Name | Default Value | |
---|---|---|
axtol |
Tolerance for primal feasibility | 1.0e-8 |
atytol |
Tolerance for dual feasibility | 1.0e-8 |
objtol |
Tolerance for relative duality gap | 1.0e-8 |
pinftol |
Tolerance for determining primal infeasibility | 1.0e8 |
dinftol |
Tolerance for determining dual infeasibility | 1.0e8 |
maxiter |
Limit for the total number of iterations | 100 |
minstepfrac |
The minstepfrac and maxstepfrac parameters determine how close to the edge of the feasible region CSDP will step |
0.90 |
maxstepfrac |
The minstepfrac and maxstepfrac parameters determine how close to the edge of the feasible region CSDP will step |
0.97 |
minstepp |
If the primal step is shorter than minstepp then CSDP declares a line search failure |
1.0e-8 |
minstepd |
If the dual step is shorter than minstepd then CSDP declares a line search failure |
1.0e-8 |
usexzgap |
If usexzgap is 0 then CSDP will use the objective duality gap d - p instead of the XY duality gap ⟨Z, X⟩ |
1 |
tweakgap |
If tweakgap is set to 1 , and usexzgap is set to 0 , then CSDP will attempt to "fix" negative duality gaps |
0 |
affine |
If affine is set to 1 , then CSDP will take only primal-dual affine steps and not make use of the barrier term. This can be useful for some problems that do not have feasible solutions that are strictly in the interior of the cone of semidefinite matrices |
0 |
perturbobj |
The perturbobj parameter determines whether the objective function will be perturbed to help deal with problems that have unbounded optimal solution sets. If perturbobj is 0 , then the objective will not be perturbed. If perturbobj is 1 , then the objective function will be perturbed by a default amount. Larger values of perturbobj (e.g. 100 ) increase the size of the perturbation. This can be helpful in solving some difficult problems. |
1 |
fastmode |
The fastmode parameter determines whether or not CSDP will skip certain time consuming operations that slightly improve the accuracy of the solutions. If fastmode is set to 1 , then CSDP may be somewhat faster, but also somewhat less accurate |
0 |
printlevel |
The printlevel parameter determines how much debugging information is output. Use a printlevel of 0 for no output and a printlevel of 1 for normal output. Higher values of printlevel will generate more debugging output |
1 |
Getting the CSDP Library
The original make-file build system only provides a static library.

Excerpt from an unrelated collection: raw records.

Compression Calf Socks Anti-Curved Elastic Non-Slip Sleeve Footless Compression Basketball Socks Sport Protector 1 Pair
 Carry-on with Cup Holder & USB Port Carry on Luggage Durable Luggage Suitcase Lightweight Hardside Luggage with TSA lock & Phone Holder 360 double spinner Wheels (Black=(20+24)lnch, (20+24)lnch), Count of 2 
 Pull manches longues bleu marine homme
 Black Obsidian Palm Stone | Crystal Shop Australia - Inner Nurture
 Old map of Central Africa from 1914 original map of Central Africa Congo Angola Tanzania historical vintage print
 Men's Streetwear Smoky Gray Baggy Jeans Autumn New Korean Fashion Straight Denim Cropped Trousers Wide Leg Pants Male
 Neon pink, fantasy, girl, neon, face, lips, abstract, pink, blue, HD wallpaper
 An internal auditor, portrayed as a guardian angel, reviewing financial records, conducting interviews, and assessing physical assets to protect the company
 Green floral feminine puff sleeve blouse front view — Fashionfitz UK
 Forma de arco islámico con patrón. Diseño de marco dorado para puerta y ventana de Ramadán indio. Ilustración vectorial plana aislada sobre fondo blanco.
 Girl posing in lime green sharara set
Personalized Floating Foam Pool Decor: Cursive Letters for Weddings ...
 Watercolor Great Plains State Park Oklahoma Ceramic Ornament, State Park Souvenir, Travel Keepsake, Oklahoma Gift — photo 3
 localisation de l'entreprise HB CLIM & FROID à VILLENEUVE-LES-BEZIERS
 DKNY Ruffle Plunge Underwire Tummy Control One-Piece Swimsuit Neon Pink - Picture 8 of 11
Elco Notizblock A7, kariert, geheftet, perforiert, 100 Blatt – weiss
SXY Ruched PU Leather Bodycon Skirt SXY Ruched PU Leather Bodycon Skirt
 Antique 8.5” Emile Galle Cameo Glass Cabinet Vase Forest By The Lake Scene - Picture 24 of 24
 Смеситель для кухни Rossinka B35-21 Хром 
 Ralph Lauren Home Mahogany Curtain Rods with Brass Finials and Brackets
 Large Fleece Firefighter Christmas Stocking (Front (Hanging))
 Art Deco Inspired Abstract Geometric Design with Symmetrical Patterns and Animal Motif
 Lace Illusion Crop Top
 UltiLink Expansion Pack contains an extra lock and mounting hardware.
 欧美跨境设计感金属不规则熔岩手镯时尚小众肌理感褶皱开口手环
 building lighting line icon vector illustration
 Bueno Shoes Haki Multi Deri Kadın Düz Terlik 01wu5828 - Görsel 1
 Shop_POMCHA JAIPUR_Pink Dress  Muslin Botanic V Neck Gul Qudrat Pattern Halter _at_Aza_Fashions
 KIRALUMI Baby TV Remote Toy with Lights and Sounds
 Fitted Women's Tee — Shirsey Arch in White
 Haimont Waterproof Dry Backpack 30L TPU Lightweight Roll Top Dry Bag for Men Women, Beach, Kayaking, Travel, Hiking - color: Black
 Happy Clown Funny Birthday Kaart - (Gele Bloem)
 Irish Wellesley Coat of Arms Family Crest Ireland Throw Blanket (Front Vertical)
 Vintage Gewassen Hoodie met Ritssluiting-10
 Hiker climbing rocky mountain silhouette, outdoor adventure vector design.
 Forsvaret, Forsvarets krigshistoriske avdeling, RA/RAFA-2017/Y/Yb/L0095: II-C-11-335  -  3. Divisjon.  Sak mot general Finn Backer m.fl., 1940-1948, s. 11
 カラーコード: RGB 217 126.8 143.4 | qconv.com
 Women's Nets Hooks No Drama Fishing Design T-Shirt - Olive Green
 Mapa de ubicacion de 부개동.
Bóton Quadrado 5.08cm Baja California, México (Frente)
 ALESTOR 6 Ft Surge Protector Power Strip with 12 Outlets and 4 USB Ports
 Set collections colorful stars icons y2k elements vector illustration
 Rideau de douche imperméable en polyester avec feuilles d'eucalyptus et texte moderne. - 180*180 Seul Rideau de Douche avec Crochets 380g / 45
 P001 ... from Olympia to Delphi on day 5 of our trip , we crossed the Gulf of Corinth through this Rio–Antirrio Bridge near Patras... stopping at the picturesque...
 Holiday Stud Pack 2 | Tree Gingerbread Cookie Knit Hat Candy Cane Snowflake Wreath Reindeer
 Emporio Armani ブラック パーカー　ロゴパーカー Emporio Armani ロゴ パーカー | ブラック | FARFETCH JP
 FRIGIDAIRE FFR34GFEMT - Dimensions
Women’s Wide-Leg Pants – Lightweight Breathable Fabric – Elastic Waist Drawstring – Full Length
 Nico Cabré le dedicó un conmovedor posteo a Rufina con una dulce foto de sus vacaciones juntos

The quite old (September 2010) pycsdp
interface by Benjamin Kern circumvents the problem by writing some C++ code to which the static library is linked.
The Sage module by @mghasemi is a Cython interface; I don't know how the libcsdp is installed or whether they assume that it is already available on the system.
That is why this package tries to parse the makefile and compiles it itself on Unix systems (so gcc
is needed).
For Windows, a pre-compiled DLL is downloaded (unless you configure the build.jl
differently).
Next Steps (TODOs)
- Maybe port
libcsdp
to use 64bit Lapack, aka replace “someint
s” bylong int
(the variables used in a Lapack call). Started in brachjulias_openblas64
- Maybe think about an own array type to circumvent the 1-index problems in
libcsdp
. - Map Julia's sparse arrays to
sparsematrixblock
. - Upload
libcsdp.dll
for Windows via Appveyor deployment as described at JuliaCon. Currently we use a separate repository.